The Trio’s name reflects its particular attraction for Russian culture; a concert containing exclusively Russian works was therefore a must in its programming. Much like Evgueni Khaldei, Dmitri Shostakovich often found himself in a delicate position in the face of the soviet regime. This is a virtuosic programme filled with emotion.
Dmitri Shostakovich’s first trio is one of his little-known early works, but one in which the composer’s maturity is revealed. Even though it consists of just one movement, it is no less varied in tempi and characters. Originally named Poem, it was composed in 1923 on the occasion of a sojourn in Crimea.
Twenty years later, Dmitri Shostakovich wrote his second trio, dedicated to the memory of his friend Ivan Sollertinski who died in February 1944. This period coincided with the discovery of the extermination camp in Majdanek in Poland – a terrible shock for Shostakovich. This explains the haunting presence of a traditional Jewish theme in the last movement of the trio, a theme that can be found in his 8th Quartet, dedicated to the victims of fascism and of the war.
After the interval is a return to the 19th century with the magnificent trio by Piotr Illitch Tchaikovsky. This masterpiece was also written during the pain following the loss of a loved one; that of his mentor N. Rubenstein, to whom Tchaikovsky dedicates his trio with the words “in memory of a great artist”.

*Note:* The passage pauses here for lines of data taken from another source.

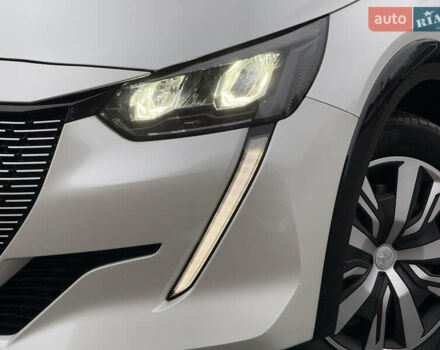 Белый Пежо e-208, объемом двигателя 0 л и пробегом 17 тыс. км за 14799 $, фото 14 на Automoto.ua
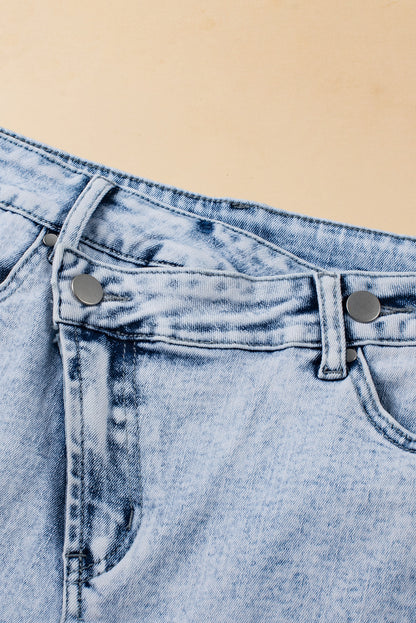 Hellblaue gekreuzte Jeansshorts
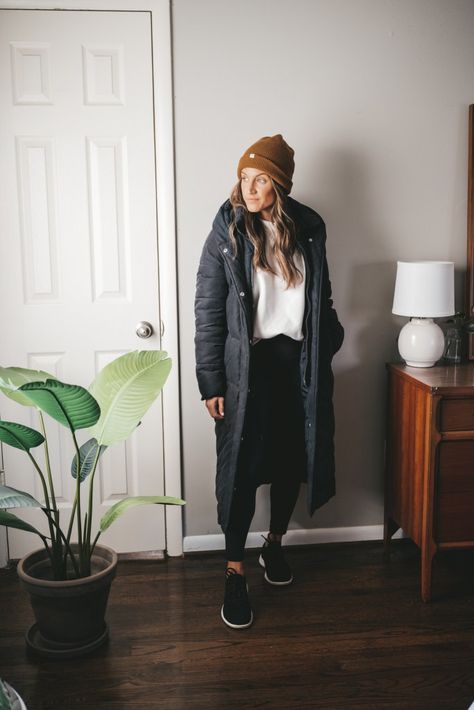 Fleece Outfit Women, Long Puffer Coat Outfit, Beanie Outfit Women, Puffer Coat Outfit, Puffer Outfit, Neutral Fall Outfits, Leggings Outfit Winter, Leggings Outfit Casual, Black Leggings Outfit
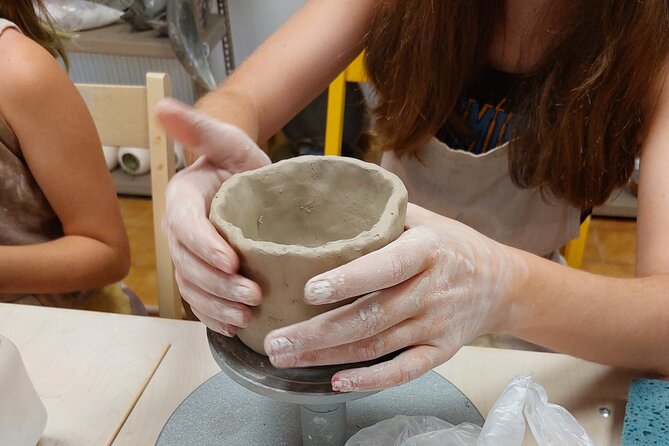 Ceramics Workshops For Kids Only / Artemida - Sophia Sotiropoulou’s Approach and the Small-Group Advantage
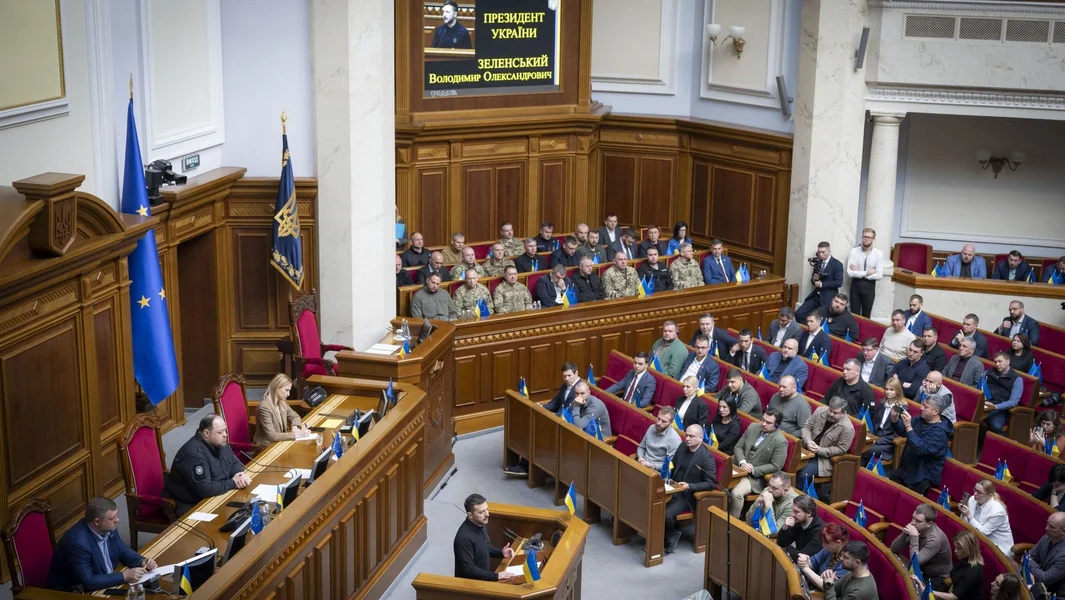 Novi skandal korupcije u Kijevu, izbio nakon odlaska Zelenskog u SAD. Pretresi u ukrajinskom parlamentu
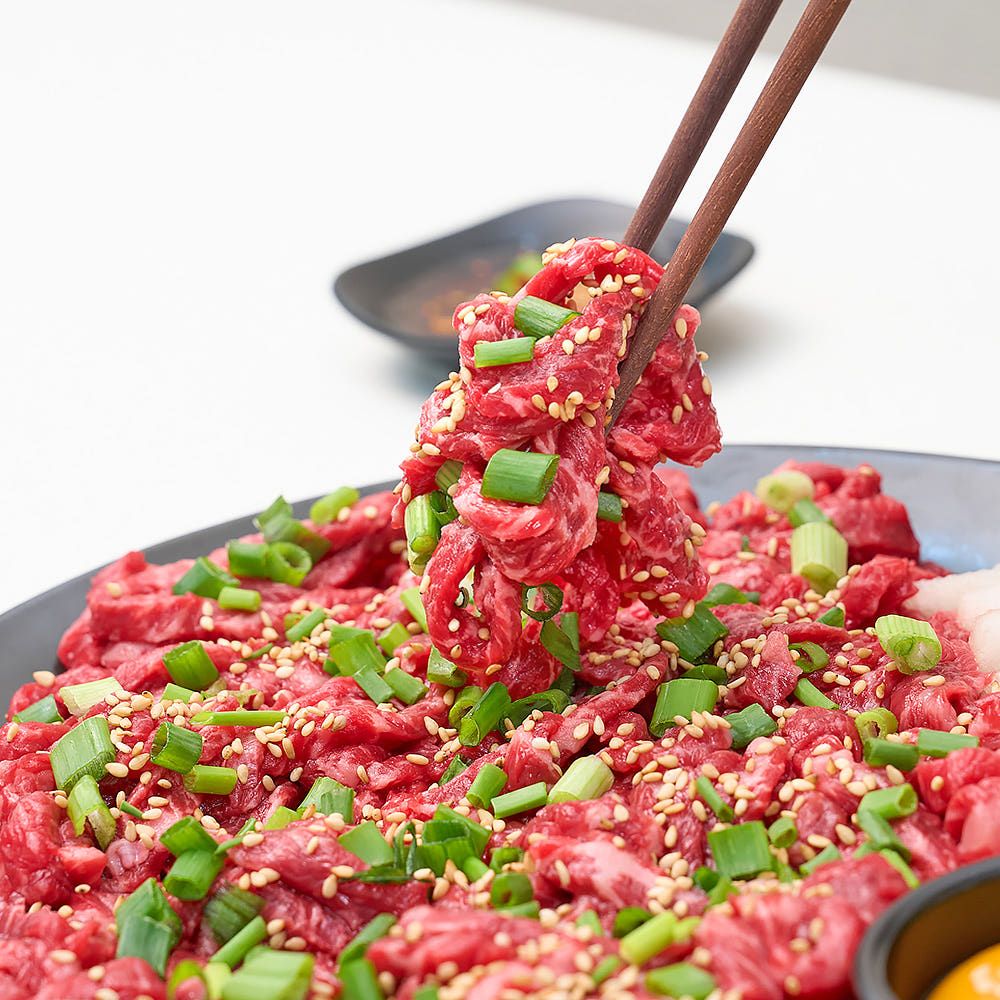 상품 이미지: [엄마네한우] 1++등급 초신선 투뿔 한우 육회 200g+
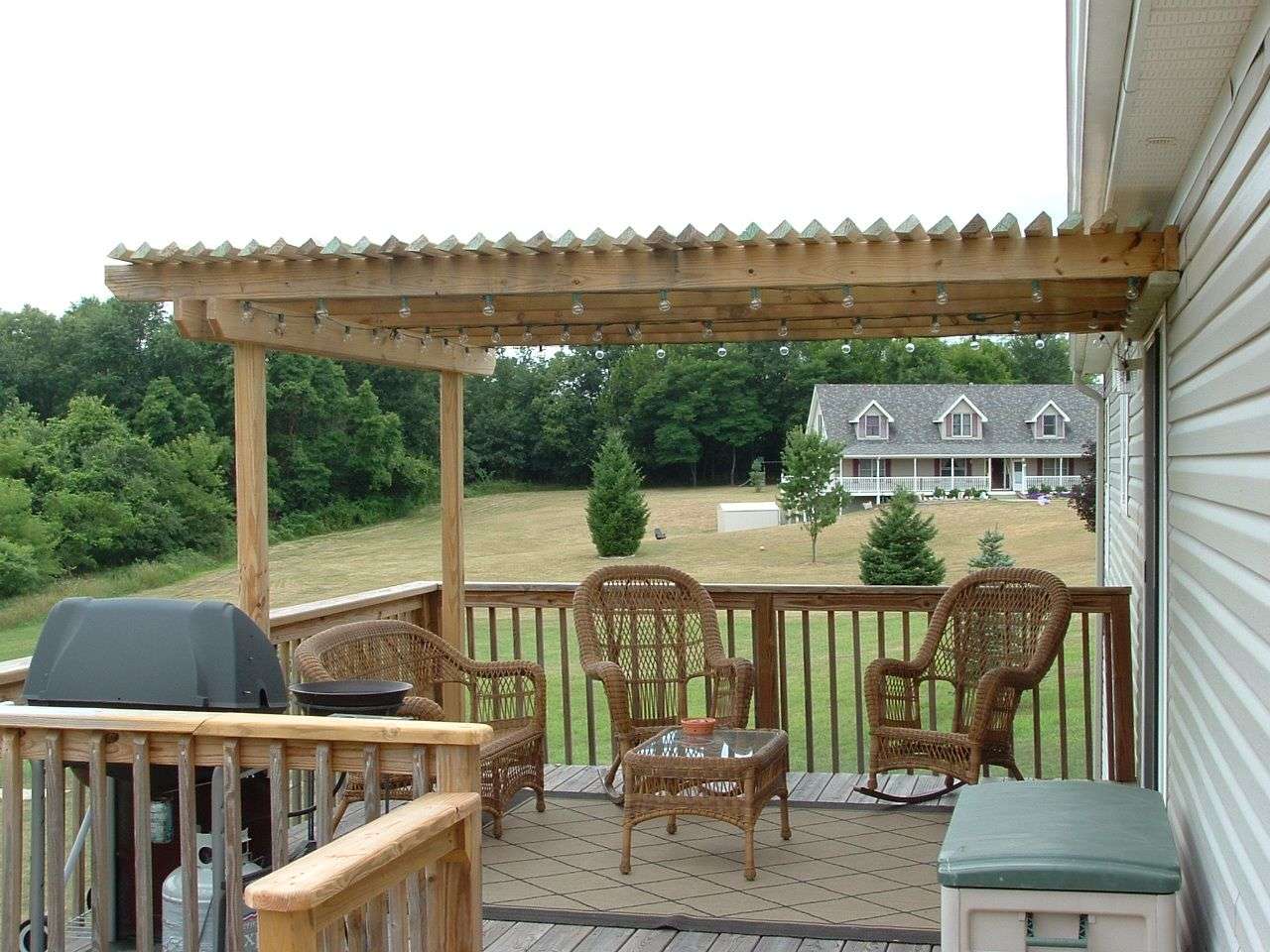 pergola added to existing deck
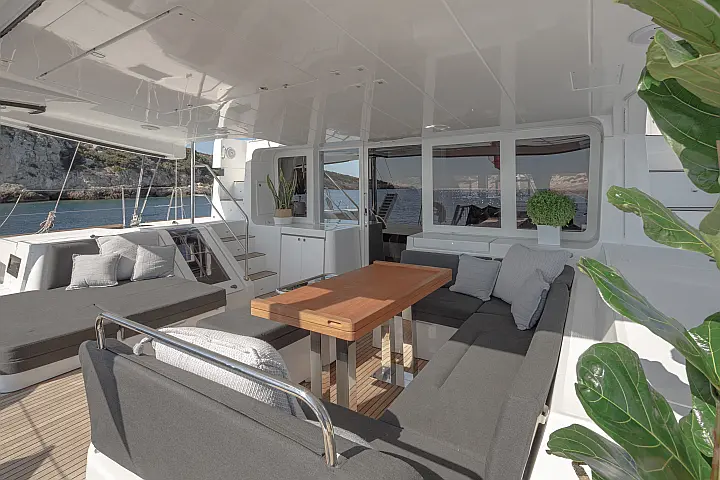 Lagoon 52F - 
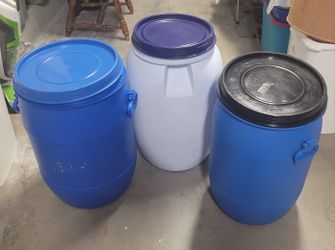 Plastic bins - Bundle of 3
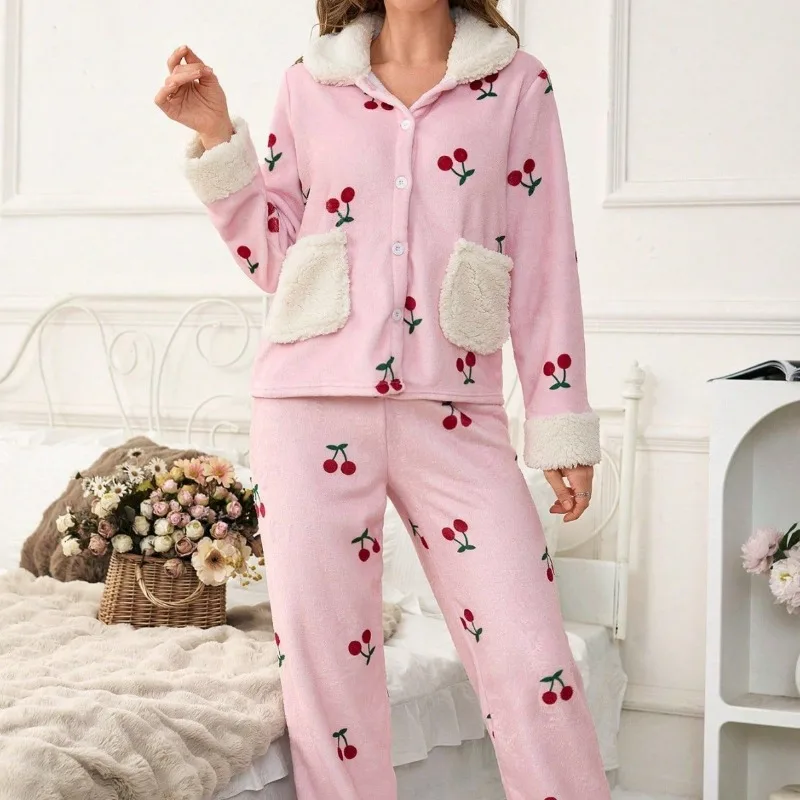 

Новинка 2025 года, фланелевой пижамный комплект с вишневым принтом, осень-зима, с точеным дизайном волос, милый стиль, изношенный на улице, размер XL, большие размеры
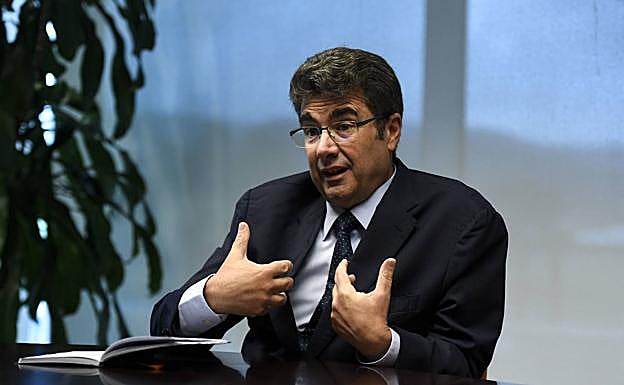 El consejero delegado de Euskaltel, José Miguel García.
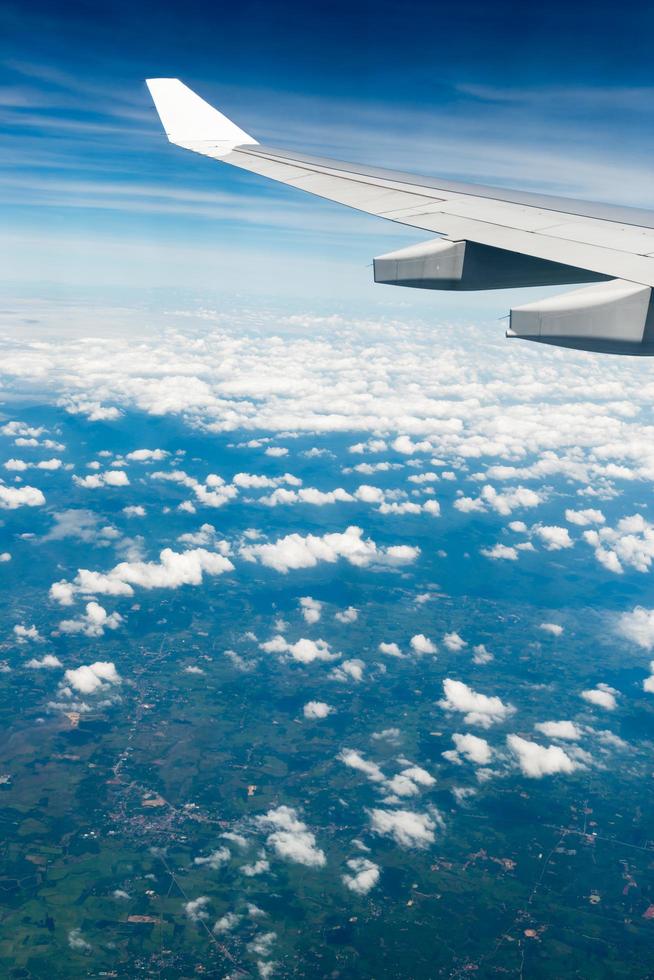 il Visualizza a partire dal il altezza di il finestra Jet aereo foto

The Khaldei Trio offers a variation of this programme, in which the Trio is joined by soprano Liesbeth Devos, for a concert devoted entirely to Shostakovich. After the two trios come the Seven Romances on Poems of Alexander Blok, composed for his most precious musical friends. The result is an extremely intense sequence: soothing and very personal thoughts on love, intimacy, friendship and the power of art.